The second part is, how do you identify what I would call nontraditional resources that might be available and are qualified. There are a tremendous number of college graduates across the United States that have a degree and are smart, motivated, and ambitious — they just might not have that traditional IT degree. There’s a big part of working in the HIT field that doesn’t necessarily require you to be into the bits and bytes and to be a programmer. It’s a matter of how you take specs, how you interact with people, how you train people, and how you learn how systems work. A lot that they do naturally today when you think about the advent of the iPad and technology has become so pervasive in our lifestyle that most of the kids graduating today are more technologically advanced than I was after five years of working in the industry. How do you tap into that knowledge of liking to play with technology but not feel like you’re going to be set in a back office? And so we’re talking about creating internships. There are a number of companies in town where we work with the universities on how we can get people exposed through internships 20 hours a week working in our environment so they get a feel for it and kind of grow our own.

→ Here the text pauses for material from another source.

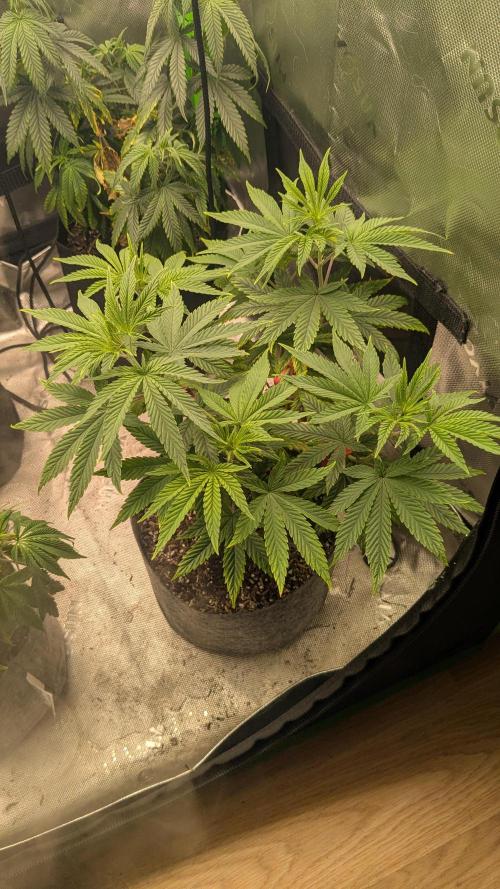 Rainbow Vapor, Key Lime Guava run. Week 8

And then the third leg of is we’re working very strongly with the academic institutions in the community — the four-year colleges and the two-year programs — about what their curriculum looks like, and quite a few of them have already started to develop HIT competency programs or HIT degrees. We’re bringing them up through there, so if you think about it, we’re doing education, we’re capturing the resources, and we’re figuring out how to take someone and retool them. If you take an individual that’s been laid off or is looking to get into this career or if you take a clinician that wants to get into the HIT space, how do you do that?
We’ve developed a framework for what we would call an accelerator program. One of our goals over the next year is to really try to bring that to fruition — something along the lines of a two-month or three-month initiative, one day a week or one night a week — so you could do it while you work or you can be employed. But it immerses people on a very high level either in the healthcare industry or in the aspects of IT, and then it just brings the onboarding up to speed. We’re trying to attack this across a number of ways. There are well over 1,000 open IT positions in Nashville and the surrounding areas. We’re all out there looking for them, and to think that we’re just going to fill them by the traditional recruiting methods just isn’t going to work anymore.